Menurut Abyadi, tindakan pemerintah yang tidak memperhatikan kesejahteraan guru honor tersebut, sesungguhnya termasuk sebagai perbuatan maladministrasi dalam bentuk penyalahgunaan wewenang dan mengabaikan kewajiban penyelenggaraan pelayanan publik. Maka dari itulah, dilakukan sebuah kajian cepat dengan objek tidak hanya di Kota Medan. Melainkan, di beberapa kabupaten/kota di Sumut, seperti Deli Serdang, Tapanuli Utara (Taput), Tapanuli Tengah (Tapteng) dan Simalungun.
“Tujuan dari kajian ini untuk mengetahui nasib guru honorer dilihat dari ketiadaan perhatian pemerintah terhadap kesejahteraan mereka. Sekaligus juga, untuk mendapatkan data perbandingan jumlah guru PNS dengan guru honorer yang mengajar di sekolah negara. Harapannya, dengan begitu pemerintah terutama pemerintah daerah segera mencari solusi memberi gaji yang layak kepada guru honorer,” sebut Abyadi.
Diutarakan dia, dalam kajian ini banyak hal yang membuatnya menghela nafas panjang, saat menelusuri pengelolaan pendidikan di Sumut terutama pelosok desa. Sebab, diketahui pengelolaan pendidikan yang menurut akal sehat, tidak mungkin terjadi di sebuah negara yang selama ini konsen terhadap pembangunan pendidikan.
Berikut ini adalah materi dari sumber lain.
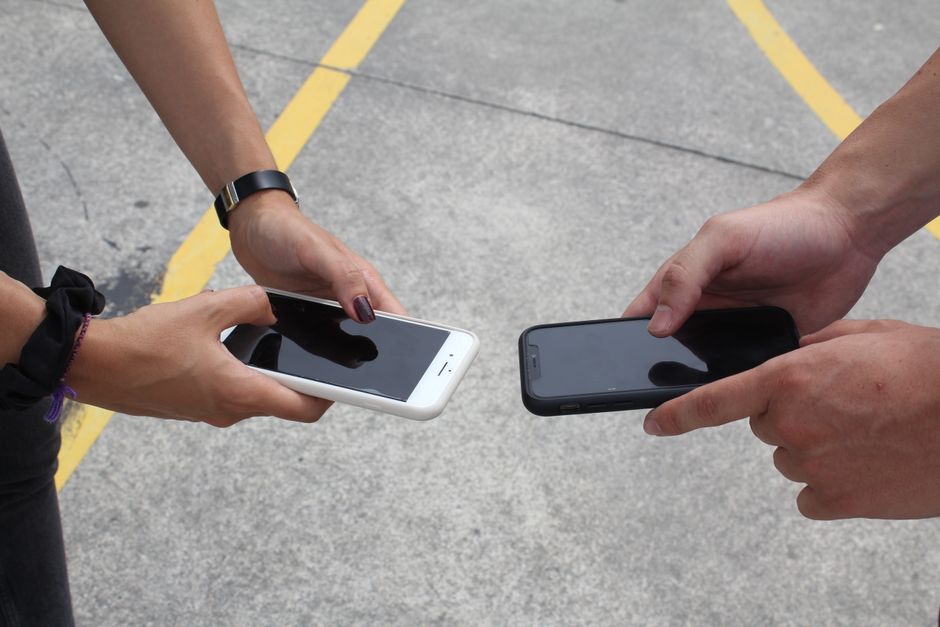 Alternance ou stage : salaire, droits et durée, le vrai calcul Two people exchanging or comparing smartphones in an outdoor setting, focusing on hands and technology.
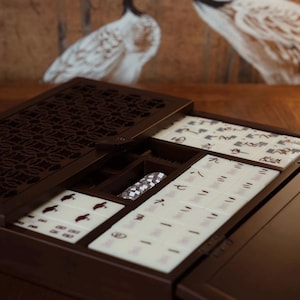 May include: A dark brown wooden Mahjong set with open compartments revealing tiles with Chinese characters and symbols. The set includes a patterned dice holder and is displayed on a wooden surface. The background features a painting of two cranes.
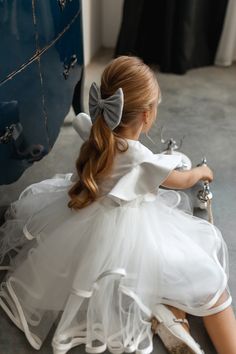 Exclusive white satin flower girl dress with tutu skirt for your little princess.  The girl gown is very elegant, light weight with a pretty cupcake skirt. It has satin to with frills on both sides and tulle skirt with satin ribbon edge.  The dress is lined with 100% cotton for safety and sustainability. Back closure with buttons.  This gown is stunning for flower girls, junior bridesmaids, dedications, portraits, blessing ceremonies, first communion, photo-shoot, a birthday party and much more! Your girl will feel like a princess and get lots of compliments. Very comfortable and easy to wear for long hours. You can find more gorgeous girl dresses in my Sweet Princess Dress shop by following this link: https://www.etsy.com/shop/SweetPrincessDress The dress is made from high-quality fabrics Cupcake Skirt, Gown For Wedding, White Flower Girl Dress, White Tulle Skirt, Flower Girl Gown, Junior Bridesmaids, Satin Flower Girl Dress, White Bridesmaid, Communion Party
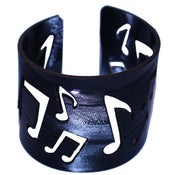 Image of Music Note Bracelets cut out of recycled BLACK and RED vinyl records.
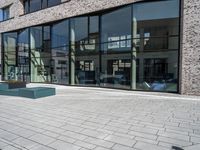 a stone walkway lined with concrete and glass windows and a small street sign on it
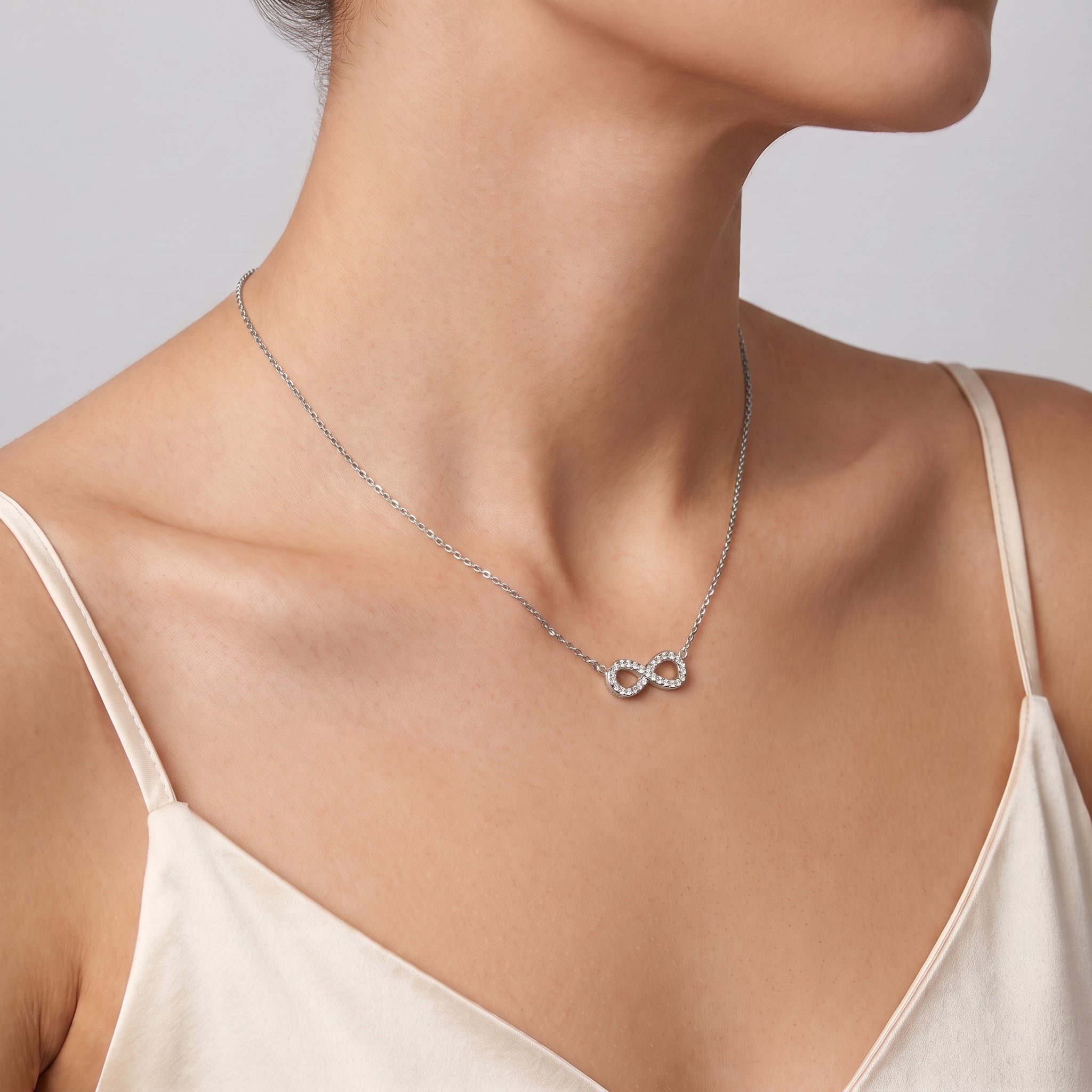 Silver pavé infinity necklace at the collarbone, a cream slip dress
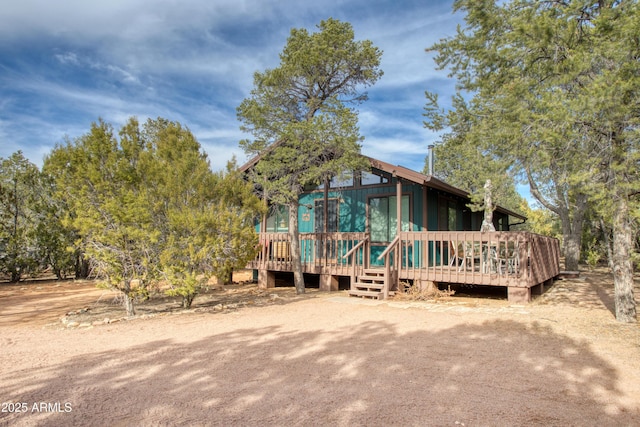 2273 Trail Cir, Overgaard, AZ 85933 - view of front facade featuring a wooden deck and a sunroom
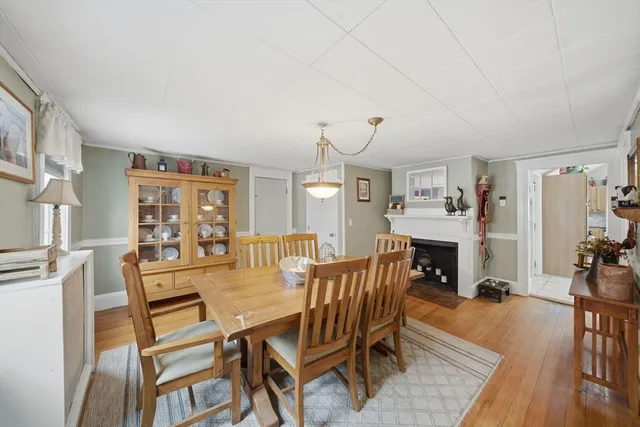 a dining room with furniture and wooden floor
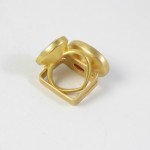 A gold ring with three circles on it.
“Di sebuah negara besar yang sejak lama mengalokasikan 20 persen anggarannya untuk sektor pendidikan, namun kenyataannya sungguh menyedihkan. Sebagai contoh, SMP Negeri 4 Sibabangun, Tapteng, yang memiliki 5 ruang kelas tetapi guru PNS hanya satu orang yaitu kepala sekolah. Oleh karena itu, agar proses KBM tetap berjalan maka terpaksa direkrut 4 guru honor yang harus mengajar semua mata pelajaran di semua kelas,” beber Abyadi.